Moving on: in the end, she insisted she didn’t believe it, but “thought it was interesting.” JPR was finally sick of being ignored, however, by LR’s boyfriend, to whom she had become good friends while LR was away up here with me and my mother in Connecticut. So she confronted him. He told her what he thought; according JPR, LR said she agreed when JPR asked her about it. JPR was shocked and hurt to see that her sister believed she only loved her for her money. Granted, JPR had said mean things about LR while she was away and when JPR was angry. My mother was kicking her out and LR’s response, according to LR’s boyfriend, was that like our mother, she didn’t care what happened to JPR either. (Following?) She repeated those mean and rotten things when she got into her fight.
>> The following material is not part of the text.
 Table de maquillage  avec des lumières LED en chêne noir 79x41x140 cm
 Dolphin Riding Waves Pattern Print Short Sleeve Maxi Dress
Talking to my sister after the fact, I learn that she takes those comments to heart and because JPR said them twice, despite that she said them while she was angry and hurt each time, she must really believe them. This hurts me. I know my both sisters are kind and loving and can't believe that one would believe what the other said in anger. Granted, I know JPR better than anybody else, and with both my mother and my sister LR feeling angst against her they too are going to naturally ignore any protest I make against their slander of her. They are both impatient and will not simply listen and take it in. LR, I can understand why she reacts this way. I did too when I was 16. She’s eighteen, but she stopped growing up when she was 16. She lost her friends from home, she dropped out of school, she didn’t get a job: she basically lost the connections that are needed to understand what happens to people as they get older. She lost communication, she lost interaction, she lost the ability to realize that things change, because she herself has not changed. I’m no guru, and I may be wrong, but this is how I feel right now. I’m sure that in three years, a new experience of life will offer me a different explanation for her insistence on interrupting, on yelling, on being adamantly defensive. It’s really quite ridiculous how she responds to something I say without even realizing that her response has nothing to do with anything I’ve said. She does not realize it because she’s so fixated on defending herself. Yet rather than simply saying, “This is how I feel and this is how I reacted,” she attacks other people. “I said that because she did this and said this and did this.“ I’d rather heare, “It hurt my feelings and this is how I reacted and this is how I feel.”

To cut it short, it ended up with me telling my sister that if she truly did not believe her boyfriend’s theory about JPR, she should have told JPR. Instead, she let her boyfriend convince JPR that both he and LR thought she was shallow and insensitive and basically rotten. My sister’s defense was that she couldn’t get a word in because the two were screaming nonstop. I told her that if she cared enough, she would have. They were, after all, arguing about her. She, more than anybody, had the right to say something. And if she can’t look at her boyfriend and say “Stop speaking for me, that’s not how I feel,” then she either was still lying about her feelings to me, or she didn’t care enough about JPR to say anything. It ended with her boyfriend threatening JPR and JPR leaving the house to drive from Florida to Connecticut. My sister LR did not like me telling her that if she didn’t feel that way, she should call JPR when they are both calm and explain that she does not feel that way. She actually hung up on me.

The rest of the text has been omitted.